Your objective:
The answer is to be the lines below that lie between the line holding "May include: Ornate" and the line holding "Top view of", inclusive, transcribed exactly and free of pictures.

(Data provided begins)

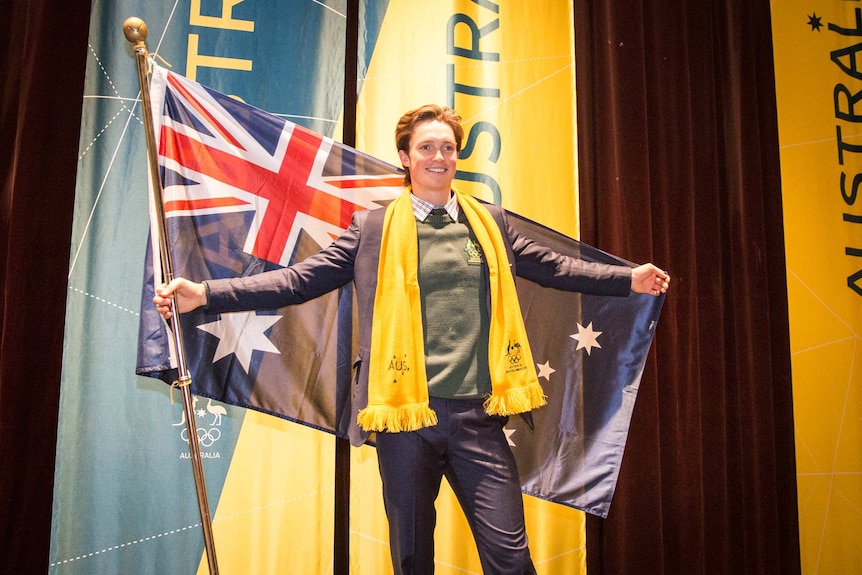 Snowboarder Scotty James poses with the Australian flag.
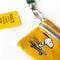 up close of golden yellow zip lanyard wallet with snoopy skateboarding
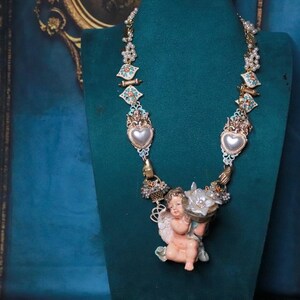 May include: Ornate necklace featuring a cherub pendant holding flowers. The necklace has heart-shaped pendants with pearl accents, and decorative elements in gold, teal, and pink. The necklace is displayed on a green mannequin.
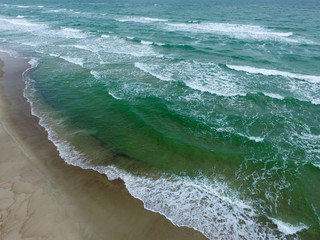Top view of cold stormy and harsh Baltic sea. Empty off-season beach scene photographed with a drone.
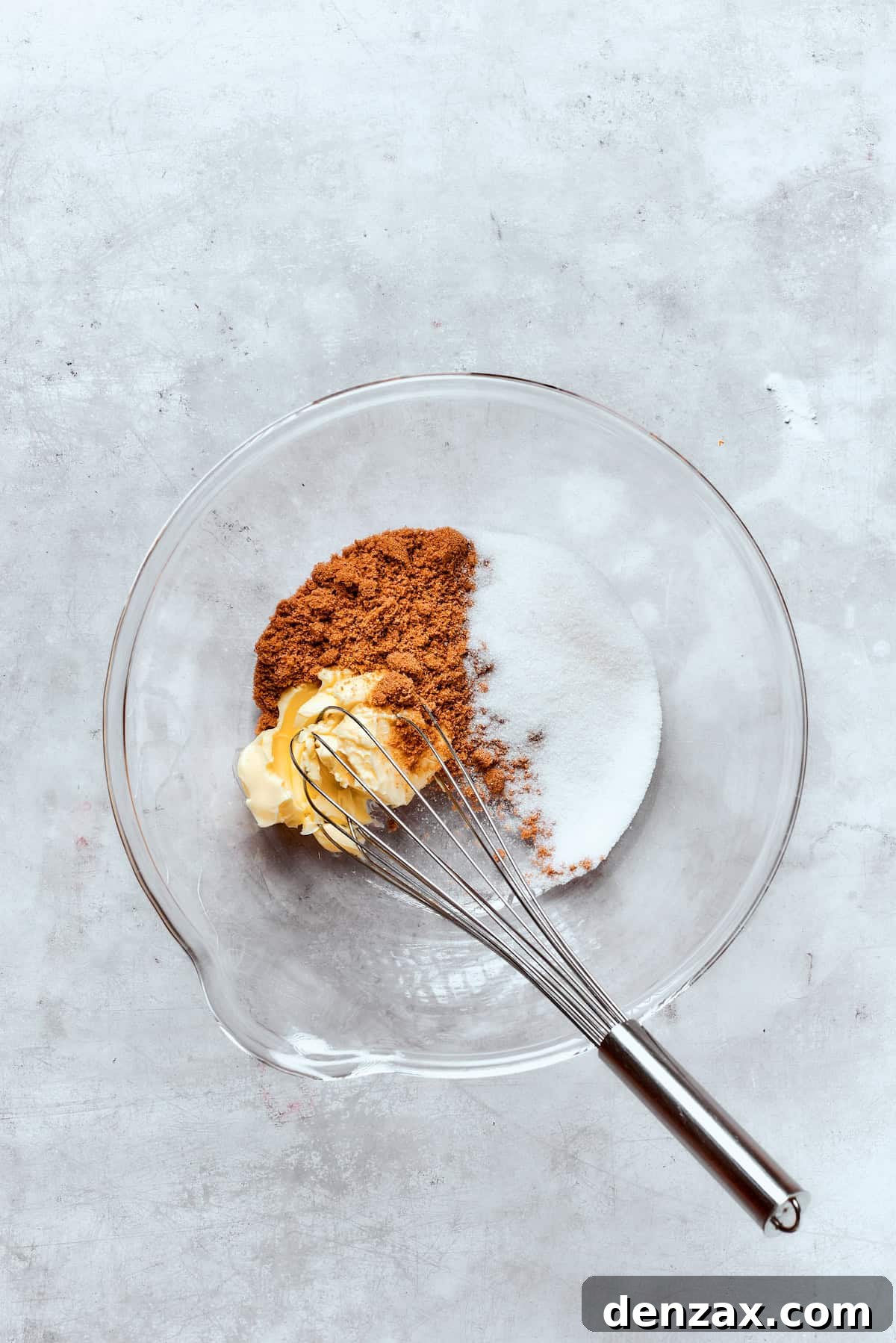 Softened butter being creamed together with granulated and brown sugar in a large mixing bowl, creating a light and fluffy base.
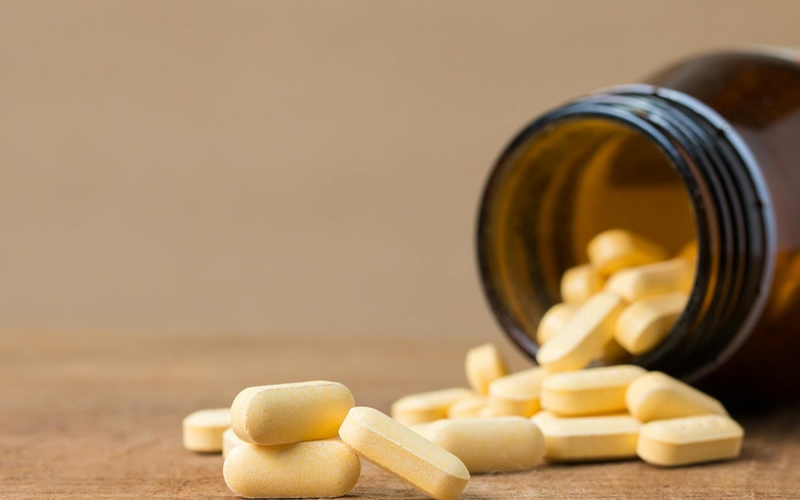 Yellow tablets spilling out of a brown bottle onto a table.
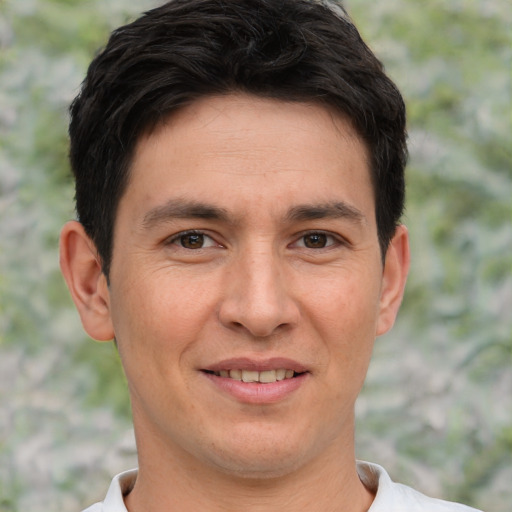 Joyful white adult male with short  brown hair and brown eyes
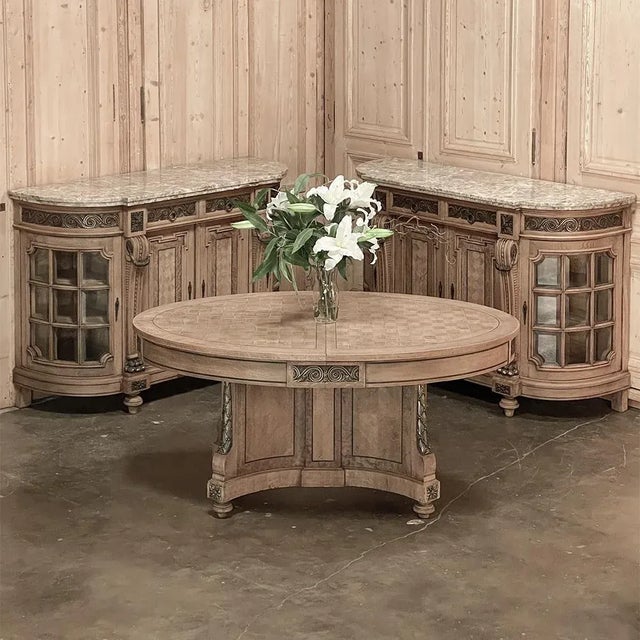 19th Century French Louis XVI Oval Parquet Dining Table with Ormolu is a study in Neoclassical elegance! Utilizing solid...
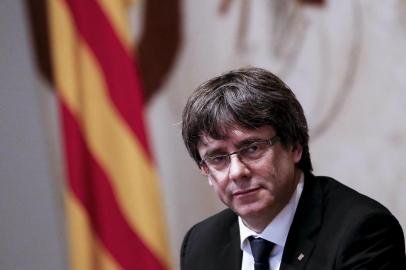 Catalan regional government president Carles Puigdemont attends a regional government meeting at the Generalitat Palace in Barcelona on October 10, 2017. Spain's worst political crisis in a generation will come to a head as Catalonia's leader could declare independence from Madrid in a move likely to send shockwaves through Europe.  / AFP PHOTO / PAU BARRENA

(Data provided ends)

Response:
 May include: Ornate necklace featuring a cherub pendant holding flowers. The necklace has heart-shaped pendants with pearl accents, and decorative elements in gold, teal, and pink. The necklace is displayed on a green mannequin.
Top view of cold stormy and harsh Baltic sea. Empty off-season beach scene photographed with a drone.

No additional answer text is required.